WHAT TO WORK ON
For the records below, copy exactly the span that begins at the line containing "So it allows us, or" and stops after the line containing "My name is Dave", minus any pictures.

INPUT DATA

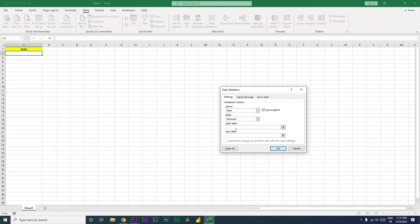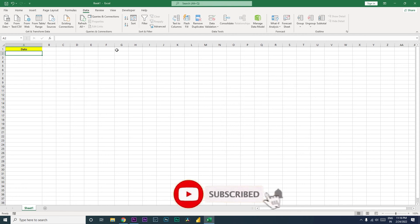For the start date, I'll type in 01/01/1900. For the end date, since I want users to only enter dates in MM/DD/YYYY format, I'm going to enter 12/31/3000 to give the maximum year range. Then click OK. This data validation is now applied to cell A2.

==

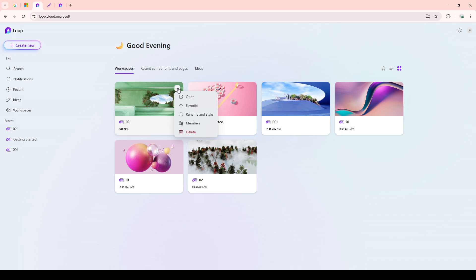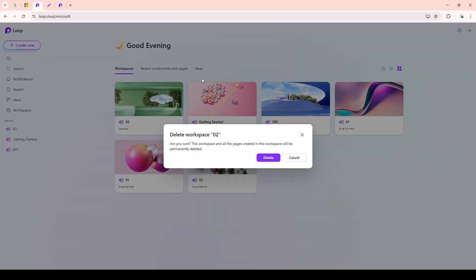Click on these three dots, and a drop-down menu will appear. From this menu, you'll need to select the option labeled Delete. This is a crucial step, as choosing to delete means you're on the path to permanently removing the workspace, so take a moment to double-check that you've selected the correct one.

* * *

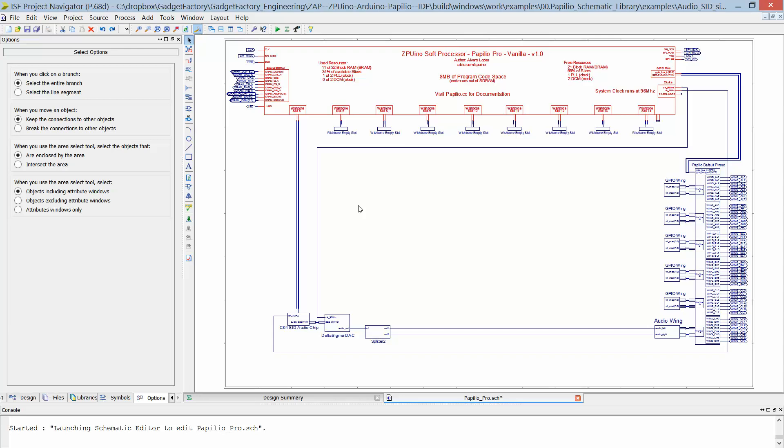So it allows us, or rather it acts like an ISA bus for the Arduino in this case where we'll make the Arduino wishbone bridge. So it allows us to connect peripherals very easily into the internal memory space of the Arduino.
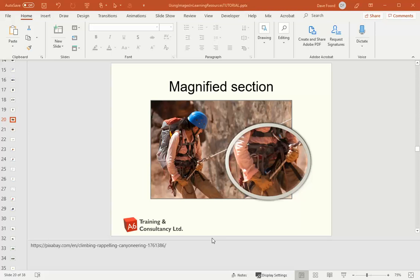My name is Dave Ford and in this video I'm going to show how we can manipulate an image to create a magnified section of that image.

SOLUTION BELOW
So it allows us, or rather it acts like an ISA bus for the Arduino in this case where we'll make the Arduino wishbone bridge. So it allows us to connect peripherals very easily into the internal memory space of the Arduino.
My name is Dave Ford and in this video I'm going to show how we can manipulate an image to create a magnified section of that image.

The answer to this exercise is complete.